DUDUK bersila di bawah parkiran sepeda motor Grand Lucky, SCBD, Jakarta Selatan, Rafiq lahap menyantap nasi, ayam, sayur dan tempe. Setiap hari pria berusia 27 tahun itu biasa makan di sana bersama sekuriti, office boy, hingga pekerja kantoran lain. Karyawan di kawasan SCBD biasa menyebutnya warteg lubang.

"Ini rame karena lagi ada Jumat berkah, makan nasi sama ayam jadi Rp13 ribu. Kalau hari biasa itu Rp17 ribu," ujar Rafiq saat ditemui Suara.com, pada Jumat (8/11/2024).

Lokasi warteg lubang persis terletak di bawah parkiran sepeda motor Grand Lucky. Warga yang tinggal berdampingan dengan kawasan elite SCBD berlatar gedung-gedung pencakar langit itu berjualan di balik dinding berlubang seukuran 30x60 cm yang memisahkan antara tempat tinggal mereka dengan areal Grand Lucky.

Selain Rafiq, banyak karyawan lain yang nampak antre di depan warteg lubang. Ada lima warteg lubang di sana. Mereka menjual nasi rames, gorengan, es teh, hingga kopi.

"Kalau lagi Jumat berkah harus buru-buru datang biar nggak kehabisan ayam," katanya seraya tertawa.

Warteg lubang, warung makan para pekerja kelas menengah ke bawah di kawasan SCBD, Jakarta Selatan. [Suara.com/Yasir]
Warteg lubang, warung makan para pekerja kelas menengah ke bawah di kawasan SCBD, Jakarta Selatan. [Suara.com/Yasir]

Sudah lima tahun Rafiq berkerja sebagai sekuriti di salah satu gedung perkantoran di SCBD. Sebagai perantau dari Sumatera Utara, ia mesti pandai-pandai menyiasati hidup agar bisa nabung untuk pulang kampung. Apalagi dengan gaji pas-pasan.

Setiap bulan upah yang ia terima berkisar Rp4,8 juta. Selain makan hemat di kawasan elite, Rafiq juga menyiasati hidup dengan cara berbagi indekos dengan teman sesama perantau.

"Ngekos Rp700 ribu di Dewi Sartika, Jakarta Timur sama teman berdua," ungkapnya.

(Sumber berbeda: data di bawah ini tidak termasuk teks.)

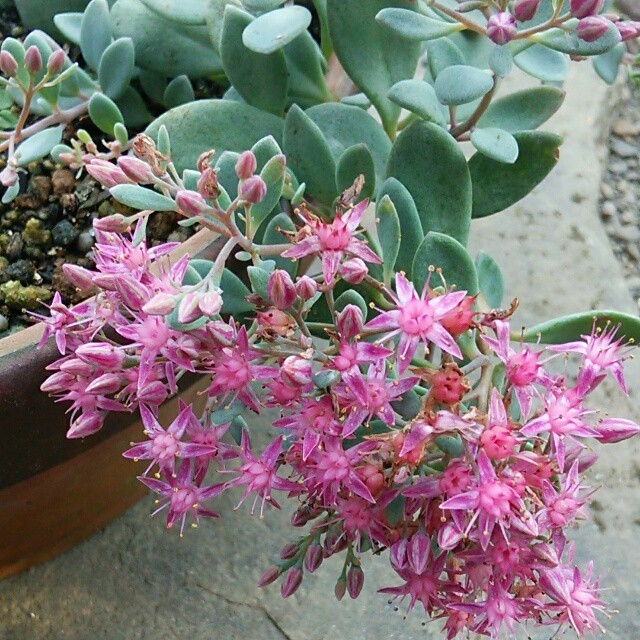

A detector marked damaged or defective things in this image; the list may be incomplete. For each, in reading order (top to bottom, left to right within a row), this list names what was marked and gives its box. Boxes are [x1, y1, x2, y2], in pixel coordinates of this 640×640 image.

crack in concrete [195, 580, 296, 640]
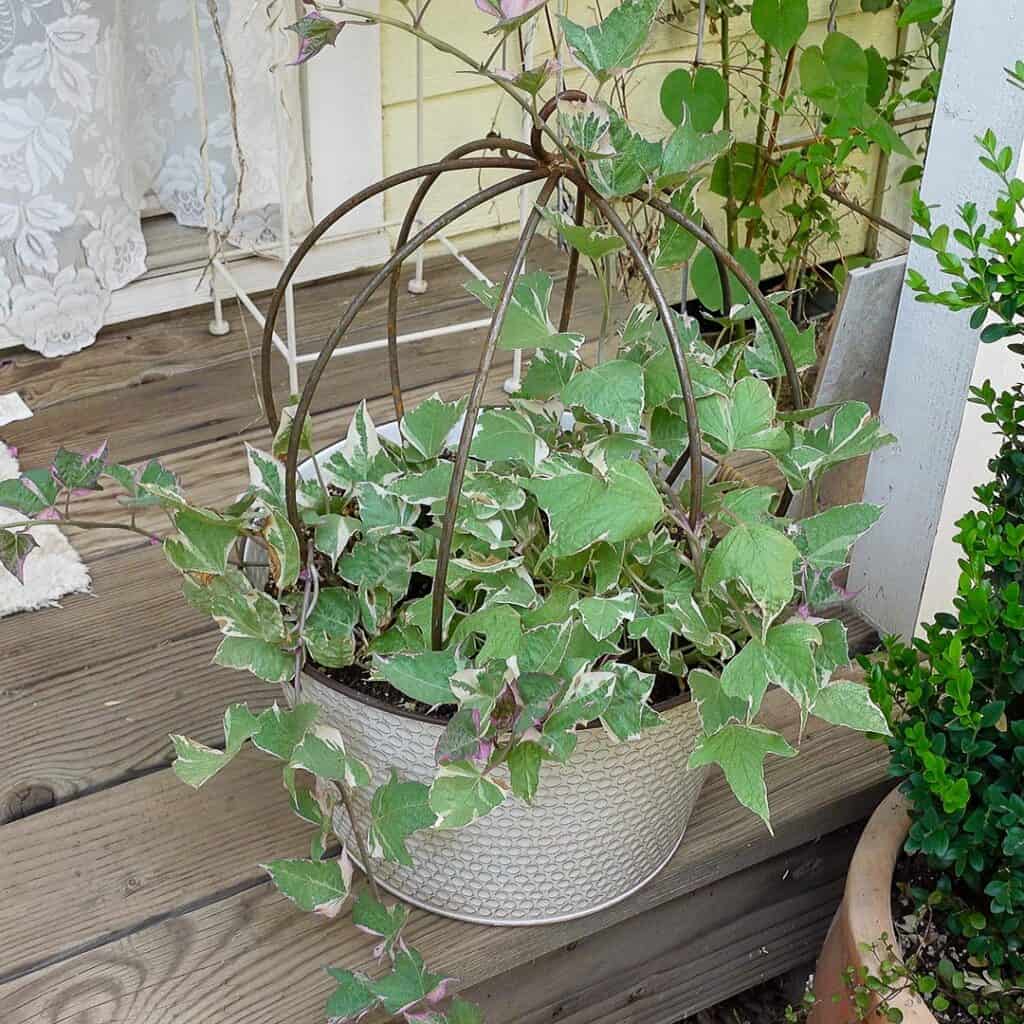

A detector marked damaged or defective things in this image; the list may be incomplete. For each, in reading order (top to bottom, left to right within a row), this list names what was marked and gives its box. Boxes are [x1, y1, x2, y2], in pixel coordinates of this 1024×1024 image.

Walau jauh dari kata nyaman, tinggal berdua satu kamar bersama teman menurutnya lumayan memangkas biaya indekos. Setidaknya, sisa uangnya bisa ia tabung. Setiap bulan Rafiq sebisa mungkin menyisihkan uang Rp500 ribu untuk ditabung.

"Lumayan buat ongkos pulang kampung," katanya.

Sudah tiga tahun Rafiq tak pulang kampung. Meski rindu kampung halaman, semua itu harus ia telan pahit-pahit. Musababnya, biaya ongkos pulang kampung ke Sumatera Utara tak cukup uang sedikit. Untuk tiket pesawat saja tak kurang dari Rp3,6 juta harus ia keluarkan.

"Kalau kangen paling video call orang tua aja dulu," ucapnya.

Menunda Nikah

Sama seperti Raqif, Arul (23) juga biasa makan di warteg lubang. Keberadaan warteg lubang bagi office boy di Grand Lucky tersebut sangat membantu. Selain murah lokasinya juga dekat.

"Ngebantu banget buat orang-orang kayak saya," katanya.

Rafiq sedang makan di area parkiran sepeda motor Grand Lucky, SCBD, Jakarta Selatan. [Suara.com/Yasir]
Rafiq sedang makan di area parkiran sepeda motor Grand Lucky, SCBD, Jakarta Selatan. [Suara.com/Yasir]

Arul sudah dua tahun bekerja sebagai OB di Grand Lucky. Penghasilan yang ia terima setiap bulan sekitar Rp2,9 juta. Upah tergolong kecil itu membuatnya harus menunda rencana menikah.

"Mertua mah udah nanyain terus," tuturnya tertawa.

Sebenarnya, kata Arul, ia sudah bertunangan sejak 2022 lalu. Tapi untuk melanjutkan ke jenjang pernikahan ia masih takut. Apalagi melihat penghasilannya saat ini masih jauh dari kata cukup.

Dari upah Rp2,9 juta perbulan, Arul juga masih harus bayar cicilan motor sekitar Rp1,3 juta setiap bulan.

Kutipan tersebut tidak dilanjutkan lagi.